TASK DETAILS:
Give back exactly the lines of the material below, starting with the line with "Quoizel Tenley 4-Light" and going on through the line with "Gia Tan Brown Floral Printed Cotton T-Shirt".

DATA IN THIS EXERCISE:

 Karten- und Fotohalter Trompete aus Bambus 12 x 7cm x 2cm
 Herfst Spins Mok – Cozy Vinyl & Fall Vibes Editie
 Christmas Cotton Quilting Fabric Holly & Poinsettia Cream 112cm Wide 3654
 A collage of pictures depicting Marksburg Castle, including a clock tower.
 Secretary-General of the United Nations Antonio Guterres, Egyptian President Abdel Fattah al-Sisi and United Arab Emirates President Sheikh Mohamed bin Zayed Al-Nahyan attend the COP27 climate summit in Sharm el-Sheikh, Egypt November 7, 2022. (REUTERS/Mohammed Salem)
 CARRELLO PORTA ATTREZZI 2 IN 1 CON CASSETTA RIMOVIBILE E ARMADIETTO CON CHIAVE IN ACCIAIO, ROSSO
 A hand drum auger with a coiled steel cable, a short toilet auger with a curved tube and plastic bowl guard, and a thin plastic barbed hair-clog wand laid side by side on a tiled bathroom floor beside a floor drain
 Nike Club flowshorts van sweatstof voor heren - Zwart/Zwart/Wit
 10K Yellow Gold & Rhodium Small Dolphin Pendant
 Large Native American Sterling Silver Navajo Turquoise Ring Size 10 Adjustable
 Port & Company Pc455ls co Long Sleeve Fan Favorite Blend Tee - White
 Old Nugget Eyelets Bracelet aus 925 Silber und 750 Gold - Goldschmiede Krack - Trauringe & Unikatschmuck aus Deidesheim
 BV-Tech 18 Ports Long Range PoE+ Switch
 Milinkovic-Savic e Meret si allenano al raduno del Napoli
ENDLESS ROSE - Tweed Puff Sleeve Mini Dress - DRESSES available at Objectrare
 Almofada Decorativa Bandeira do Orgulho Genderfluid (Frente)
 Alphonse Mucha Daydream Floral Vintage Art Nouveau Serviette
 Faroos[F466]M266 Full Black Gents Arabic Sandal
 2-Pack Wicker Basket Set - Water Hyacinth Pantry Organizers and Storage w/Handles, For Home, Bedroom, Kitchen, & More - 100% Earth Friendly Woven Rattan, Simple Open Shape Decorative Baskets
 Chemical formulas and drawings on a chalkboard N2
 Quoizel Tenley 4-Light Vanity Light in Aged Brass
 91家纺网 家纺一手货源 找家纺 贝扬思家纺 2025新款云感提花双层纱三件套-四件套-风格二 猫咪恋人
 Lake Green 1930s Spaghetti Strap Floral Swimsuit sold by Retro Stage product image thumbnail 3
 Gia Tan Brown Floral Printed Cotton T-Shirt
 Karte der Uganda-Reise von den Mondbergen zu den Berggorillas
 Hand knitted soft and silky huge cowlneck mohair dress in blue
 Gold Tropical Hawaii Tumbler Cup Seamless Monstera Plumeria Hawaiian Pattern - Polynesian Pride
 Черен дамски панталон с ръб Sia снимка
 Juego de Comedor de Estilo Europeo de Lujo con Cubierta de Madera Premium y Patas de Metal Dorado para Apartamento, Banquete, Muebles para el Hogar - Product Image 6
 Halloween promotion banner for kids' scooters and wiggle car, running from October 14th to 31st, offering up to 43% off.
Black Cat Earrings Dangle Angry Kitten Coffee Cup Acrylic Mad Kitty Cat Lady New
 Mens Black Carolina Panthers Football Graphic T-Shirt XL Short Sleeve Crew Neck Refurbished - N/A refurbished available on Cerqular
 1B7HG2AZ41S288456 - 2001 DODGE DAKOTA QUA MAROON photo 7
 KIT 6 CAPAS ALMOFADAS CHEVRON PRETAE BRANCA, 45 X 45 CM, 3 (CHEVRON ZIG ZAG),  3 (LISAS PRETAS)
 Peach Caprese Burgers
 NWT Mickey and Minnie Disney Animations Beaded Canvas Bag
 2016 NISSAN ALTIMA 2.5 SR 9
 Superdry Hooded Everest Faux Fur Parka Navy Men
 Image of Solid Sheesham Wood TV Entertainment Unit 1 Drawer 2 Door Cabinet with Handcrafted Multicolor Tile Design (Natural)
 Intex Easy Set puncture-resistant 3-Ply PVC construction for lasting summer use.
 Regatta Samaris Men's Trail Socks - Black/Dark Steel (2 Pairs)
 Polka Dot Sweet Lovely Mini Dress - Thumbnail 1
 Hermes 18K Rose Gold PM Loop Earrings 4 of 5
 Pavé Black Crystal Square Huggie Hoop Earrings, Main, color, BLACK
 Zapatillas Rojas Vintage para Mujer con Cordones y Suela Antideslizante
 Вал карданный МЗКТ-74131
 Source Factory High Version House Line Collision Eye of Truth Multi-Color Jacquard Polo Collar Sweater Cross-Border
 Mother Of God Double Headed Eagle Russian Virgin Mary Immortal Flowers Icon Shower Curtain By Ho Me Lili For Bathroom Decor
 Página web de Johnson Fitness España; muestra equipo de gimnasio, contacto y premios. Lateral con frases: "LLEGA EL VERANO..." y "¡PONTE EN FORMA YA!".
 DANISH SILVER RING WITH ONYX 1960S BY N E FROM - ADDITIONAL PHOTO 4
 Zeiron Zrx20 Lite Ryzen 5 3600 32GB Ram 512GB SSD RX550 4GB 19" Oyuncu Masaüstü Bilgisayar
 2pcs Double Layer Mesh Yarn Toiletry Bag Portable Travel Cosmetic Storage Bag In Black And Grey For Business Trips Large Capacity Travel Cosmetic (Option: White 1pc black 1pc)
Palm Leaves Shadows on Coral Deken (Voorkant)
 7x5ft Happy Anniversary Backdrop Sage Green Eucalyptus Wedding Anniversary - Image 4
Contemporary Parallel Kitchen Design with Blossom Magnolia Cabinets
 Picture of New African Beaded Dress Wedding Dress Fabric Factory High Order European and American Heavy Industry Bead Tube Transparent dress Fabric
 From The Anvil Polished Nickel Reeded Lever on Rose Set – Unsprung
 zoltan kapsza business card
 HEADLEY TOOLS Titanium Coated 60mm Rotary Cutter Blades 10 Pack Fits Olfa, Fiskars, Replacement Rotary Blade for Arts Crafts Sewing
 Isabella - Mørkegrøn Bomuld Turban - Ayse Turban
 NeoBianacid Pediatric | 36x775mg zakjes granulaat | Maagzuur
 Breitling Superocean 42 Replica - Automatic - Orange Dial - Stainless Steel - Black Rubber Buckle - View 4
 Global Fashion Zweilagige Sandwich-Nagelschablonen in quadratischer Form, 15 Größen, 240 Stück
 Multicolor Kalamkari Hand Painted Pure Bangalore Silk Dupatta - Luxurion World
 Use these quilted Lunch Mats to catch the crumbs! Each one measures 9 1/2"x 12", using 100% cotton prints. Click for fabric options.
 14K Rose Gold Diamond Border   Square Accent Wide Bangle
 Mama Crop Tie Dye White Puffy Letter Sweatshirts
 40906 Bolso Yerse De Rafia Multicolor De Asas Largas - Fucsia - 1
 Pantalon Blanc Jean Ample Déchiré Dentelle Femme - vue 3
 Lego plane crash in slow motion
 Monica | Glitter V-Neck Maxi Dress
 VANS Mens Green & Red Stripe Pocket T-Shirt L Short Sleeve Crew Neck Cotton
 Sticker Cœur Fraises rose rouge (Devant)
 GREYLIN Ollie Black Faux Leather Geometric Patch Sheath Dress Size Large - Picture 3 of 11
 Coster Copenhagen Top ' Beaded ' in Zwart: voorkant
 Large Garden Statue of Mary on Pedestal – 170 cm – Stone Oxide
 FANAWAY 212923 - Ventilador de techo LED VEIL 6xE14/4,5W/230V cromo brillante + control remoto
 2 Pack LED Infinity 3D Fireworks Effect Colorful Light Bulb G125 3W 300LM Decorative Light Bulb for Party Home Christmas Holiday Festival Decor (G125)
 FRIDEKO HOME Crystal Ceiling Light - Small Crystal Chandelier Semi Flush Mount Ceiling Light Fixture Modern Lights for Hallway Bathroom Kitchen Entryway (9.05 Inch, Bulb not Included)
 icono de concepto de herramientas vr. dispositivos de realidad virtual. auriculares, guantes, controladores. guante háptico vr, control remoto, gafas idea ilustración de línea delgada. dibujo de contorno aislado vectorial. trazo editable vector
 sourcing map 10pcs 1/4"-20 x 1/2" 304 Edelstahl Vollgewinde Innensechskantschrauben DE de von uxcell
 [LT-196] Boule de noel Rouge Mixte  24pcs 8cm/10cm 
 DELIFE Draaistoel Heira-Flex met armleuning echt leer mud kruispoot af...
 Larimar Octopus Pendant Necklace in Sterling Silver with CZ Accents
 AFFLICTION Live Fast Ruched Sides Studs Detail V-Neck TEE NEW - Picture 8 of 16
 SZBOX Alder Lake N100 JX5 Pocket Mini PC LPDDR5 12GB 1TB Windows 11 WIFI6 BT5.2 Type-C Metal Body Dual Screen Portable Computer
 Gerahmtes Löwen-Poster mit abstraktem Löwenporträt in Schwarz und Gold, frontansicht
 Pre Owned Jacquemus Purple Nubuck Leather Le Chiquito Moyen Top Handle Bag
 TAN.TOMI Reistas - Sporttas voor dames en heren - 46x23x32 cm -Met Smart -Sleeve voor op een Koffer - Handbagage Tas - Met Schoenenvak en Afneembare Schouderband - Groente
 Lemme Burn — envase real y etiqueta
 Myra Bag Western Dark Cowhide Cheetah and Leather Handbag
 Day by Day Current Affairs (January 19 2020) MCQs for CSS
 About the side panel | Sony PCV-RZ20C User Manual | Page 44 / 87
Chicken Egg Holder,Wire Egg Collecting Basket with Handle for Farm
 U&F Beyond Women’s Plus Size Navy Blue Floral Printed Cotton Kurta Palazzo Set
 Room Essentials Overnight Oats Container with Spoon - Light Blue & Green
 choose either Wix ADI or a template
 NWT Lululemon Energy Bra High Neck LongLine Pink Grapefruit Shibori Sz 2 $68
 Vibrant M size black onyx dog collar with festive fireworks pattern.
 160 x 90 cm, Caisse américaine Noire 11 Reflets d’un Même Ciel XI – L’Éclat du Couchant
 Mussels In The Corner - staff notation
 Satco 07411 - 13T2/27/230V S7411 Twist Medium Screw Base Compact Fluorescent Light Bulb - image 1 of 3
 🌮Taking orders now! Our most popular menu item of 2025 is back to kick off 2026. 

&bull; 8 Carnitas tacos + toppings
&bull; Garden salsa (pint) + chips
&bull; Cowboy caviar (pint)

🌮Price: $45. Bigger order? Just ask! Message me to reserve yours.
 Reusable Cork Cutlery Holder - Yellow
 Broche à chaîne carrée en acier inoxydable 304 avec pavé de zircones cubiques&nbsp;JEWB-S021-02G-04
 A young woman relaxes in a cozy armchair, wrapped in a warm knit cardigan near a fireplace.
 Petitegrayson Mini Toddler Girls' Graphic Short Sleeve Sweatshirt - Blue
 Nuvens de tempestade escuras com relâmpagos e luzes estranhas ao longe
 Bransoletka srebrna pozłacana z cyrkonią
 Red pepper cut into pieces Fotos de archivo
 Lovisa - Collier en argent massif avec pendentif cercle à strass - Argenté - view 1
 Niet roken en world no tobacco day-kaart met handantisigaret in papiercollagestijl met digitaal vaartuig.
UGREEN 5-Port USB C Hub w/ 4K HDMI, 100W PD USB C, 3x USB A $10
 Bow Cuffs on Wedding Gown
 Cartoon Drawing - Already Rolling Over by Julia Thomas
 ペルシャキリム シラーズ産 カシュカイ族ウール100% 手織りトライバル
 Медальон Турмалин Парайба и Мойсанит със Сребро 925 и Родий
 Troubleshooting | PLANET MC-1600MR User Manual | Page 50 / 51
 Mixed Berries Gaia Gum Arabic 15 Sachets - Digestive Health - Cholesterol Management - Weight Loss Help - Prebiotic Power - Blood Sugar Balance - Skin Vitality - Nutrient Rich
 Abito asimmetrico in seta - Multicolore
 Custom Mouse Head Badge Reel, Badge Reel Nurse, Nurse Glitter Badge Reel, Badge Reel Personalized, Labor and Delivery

ANSWER SECTION:
 Quoizel Tenley 4-Light Vanity Light in Aged Brass
 91家纺网 家纺一手货源 找家纺 贝扬思家纺 2025新款云感提花双层纱三件套-四件套-风格二 猫咪恋人
 Lake Green 1930s Spaghetti Strap Floral Swimsuit sold by Retro Stage product image thumbnail 3
 Gia Tan Brown Floral Printed Cotton T-Shirt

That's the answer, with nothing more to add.